La investigación a cargo del proyecto Azul Cobalto, dirigido por Daniel Gómez Tagle, resalta que el aumento en los homicidios de agentes policíacos comenzó en julio de 2024. Este incremento se asocia a la traición del exgobernador Rubén Rocha Moya, quien al parecer entregó a Ismael "El Mayo" Zambada en un contexto político de creciente tensión. Desde esa fecha, las muertes de policías se han disparado de manera alarmante.
En 2023, Sinaloa experimentó solo dos asesinatos de policías, pero en 2024, ese número se multiplicó por cinco, alcanzando diez casos. En 2025, la situación escaló drásticamente, con 40 agentes asesinado, lo que representa un incremento del 1,900 por ciento en comparación con dos años atrás.
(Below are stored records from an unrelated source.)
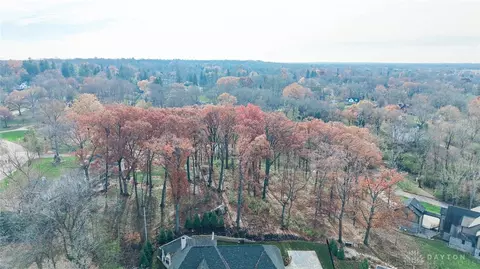 835 Big Hill Rd, Kettering, OH 45419 photo 13
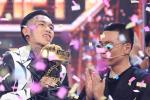 Lượt xem live Rap Việt có thực sự lập kỷ lục thế giới?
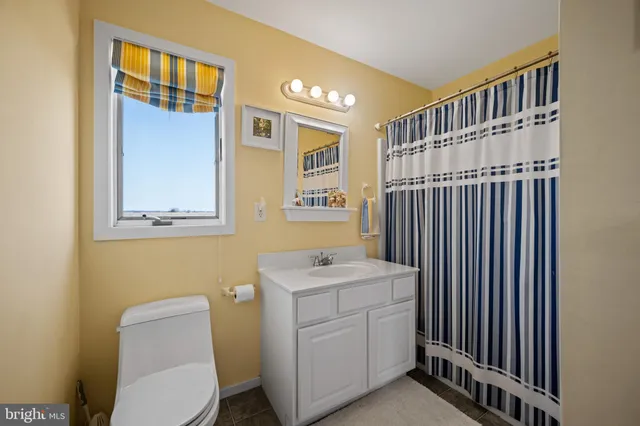 $475,000 | 510 Bay Point Road, Cedarville, NJ 08311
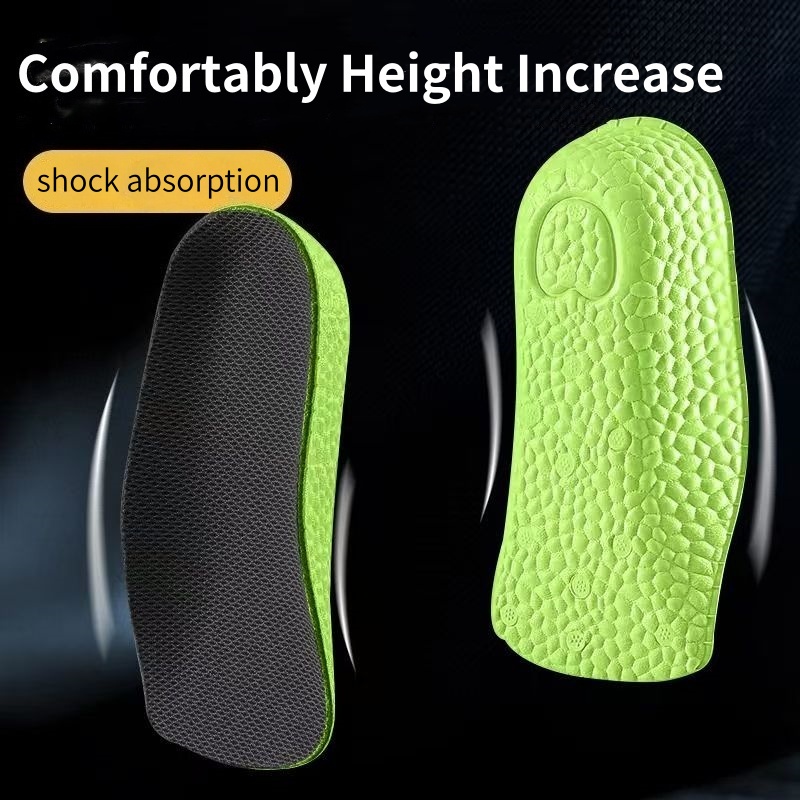 Ортопедические стельки из пены – обзор и цена Sneaker Care Foam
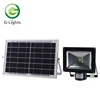 Competitive price outdoor remote control Ip 65 50w 100w led flood light in pakistan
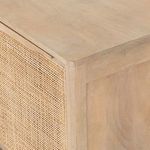 Product Image 18 for Sydney Nightstand from Four Hands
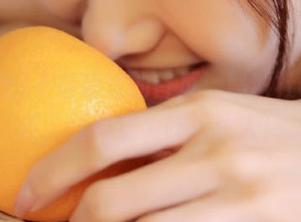 不容错过的首页：黑料社app下载，让你成为吃瓜达人！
El investigador Daniel Gómez Tagle afirma que los datos son reveladores: "El riesgo para los policías comenzó a crecer rápidamente en julio de 2024. Esta no es una coincidencia, es un reflejo de un contexto político y de seguridad claramente específico". Las cifras indican que la tasa de riesgo para los uniformados pasó de 33.8 en 2023 a 763.7 en 2025.
La situación para los policías de Sinaloa es crítica: están pagando las consecuencias de los errores políticos y de pactos quebrantados. La vulnerabilidad que enfrentan se traduce en una constante lucha por la seguridad en un entorno donde cada día parece cada vez más peligroso.